Se huye de eso que se tiene localizado y cuyo origen se intuye o se sabe con certeza: miedo al desempleo, miedo al abandono, miedo a no ser aceptado, miedo a la oscuridad, miedo a la enfermedad, miedo a perder la vida y miedo, el más peligroso de todos, al otro. Huyen, según Homero en La Iliada, en la que es una de las primeras apariciones de este concepto, los que luchan en el campo de batalla espoleados por Phóbos (miedo), de la familia de phébomai, huir precipitadamente y en desorden. Por eso, cuando Aristóteles aborda esta funesta pasión, lo hará en la Ética a Nicómaco relacionándola con el valor en la lucha para acabar afirmando que el cobarde, por ejemplo, es el que no se encara al peligro. Este mal implica, como sostendrá en la Retórica, la proximidad de lo temible. En esa misma línea, para Hume, que sigue a Cicerón, el miedo ha de asociarse a los males futuros y la aflicción a los males presentes. Sin embargo el miedo puede llegar ser un mal en sí mismo, fuente de la irrupción de mil padecimientos distintos.

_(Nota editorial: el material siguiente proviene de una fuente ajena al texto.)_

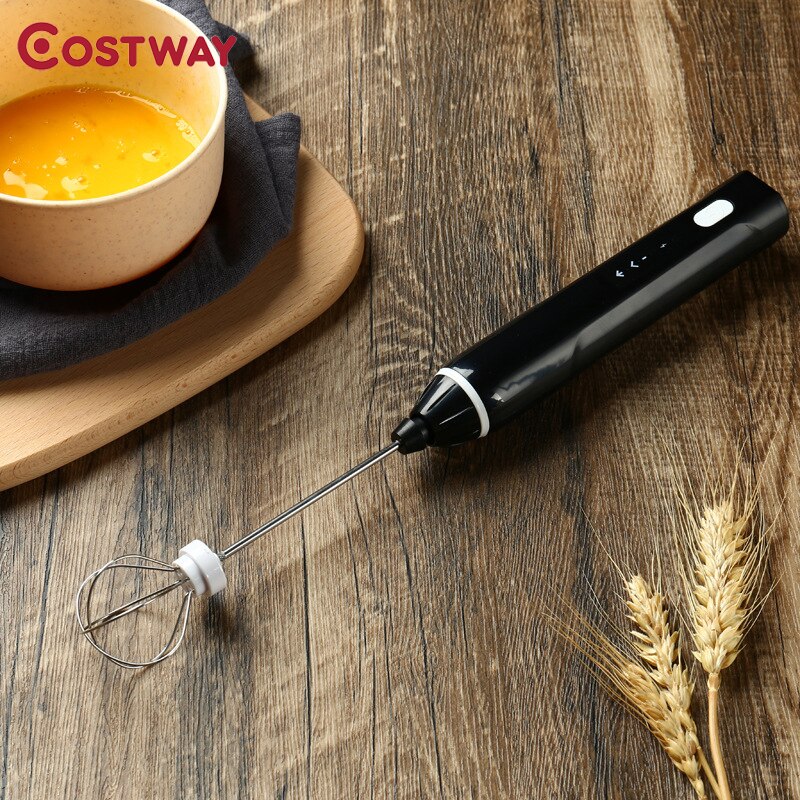 COSTWAY Electric Eggbeater Whipping Milk Machine 3-speed Adjustable Speed Household Hand Held Stirrer Charging With Battery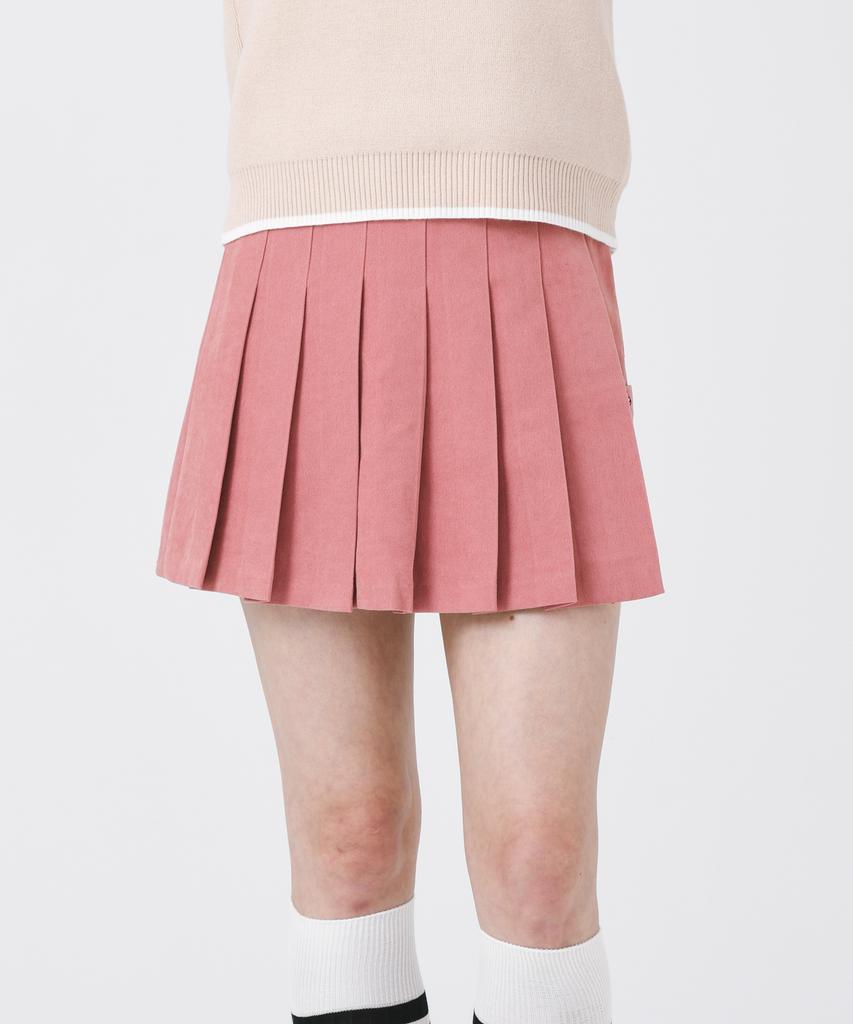 MONBIRDIE GOLF Warm Pocket Pleats Peach Brushed Pocket Pleated Skirt Pink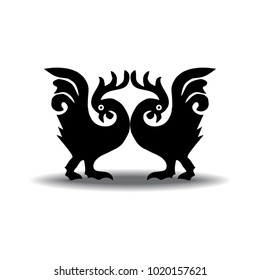 Silhouette of a rooster on a white background. Vector illustration.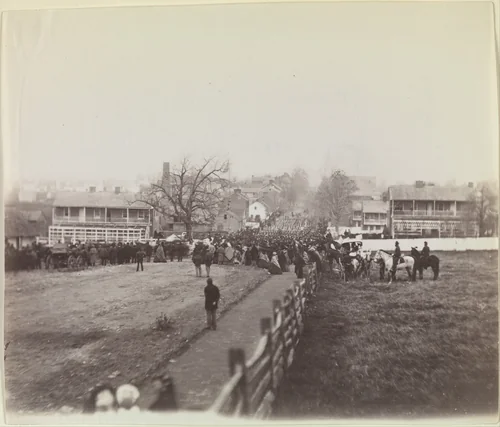 Procession of Troops and Civilians on Way to Dedication of Soldiers' National Cemetery, Gettysburg, Pennsylvania by Isaac G. Tyson, photograph, 1863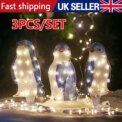 3X Christmas Penguin Acrylic LED Light Up Decoration Indoor Outdoor Figurine: 3 - 5 Days Free Delivery Only UK
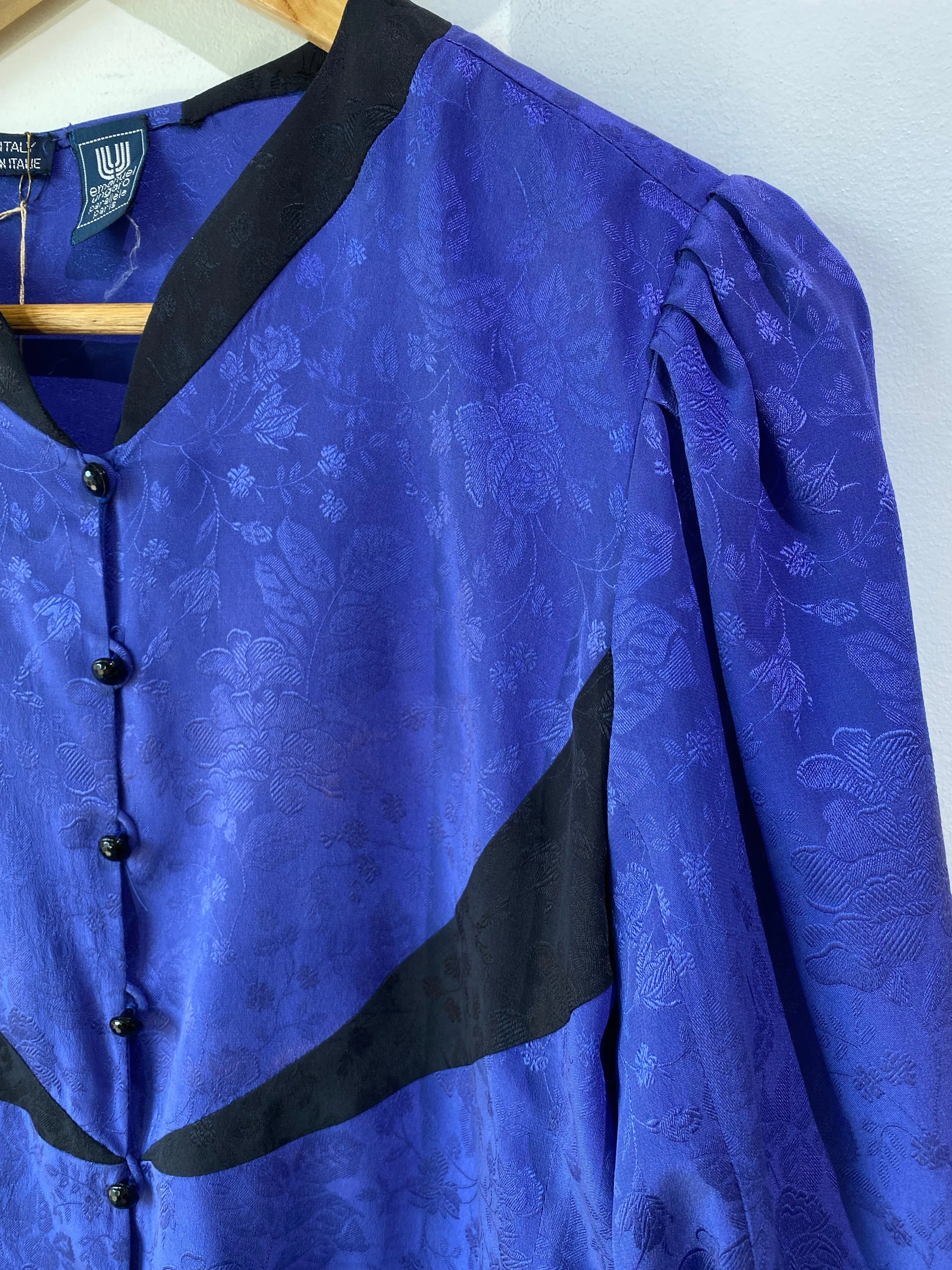 Vintage Emanuel Ungaro Purple SIlk Blouse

La reacción ante él nos salva o nos destruye. Si todo miedo está acompañado por la angustia (o, al menos, a un tipo concreto de angustia), esta surge ante la indeterminación por el momento en el que se asestará el golpe que quebrará nuestra vida. No es esta amenaza concreta la que hace tambalear nuestra vida, sino el estado de confusión ligado a la inseguridad que nos lleva, como dijera Heidegger, a perder la cabeza.

El peligro del miedo es el miedo en sí mismo que crea la fantasía de seguridad ante lo que se conoce y asocia el peligro con la diferencia y lo diferente, que imposibilita la distancia suficiente para entender lo que (nos) sucede y conduce al error “al temer lo que no se debe o como no se debe o cuando no se debe” (Aristóteles). No se puede no tener miedo –ni se debe no tenerlo– ante algunas de las adversidades más terribles de la vida, pero lo que puede y debe hacerse es darse tiempo para comprender que la amenaza más cercana radica en cómo reaccionamos ante el terror.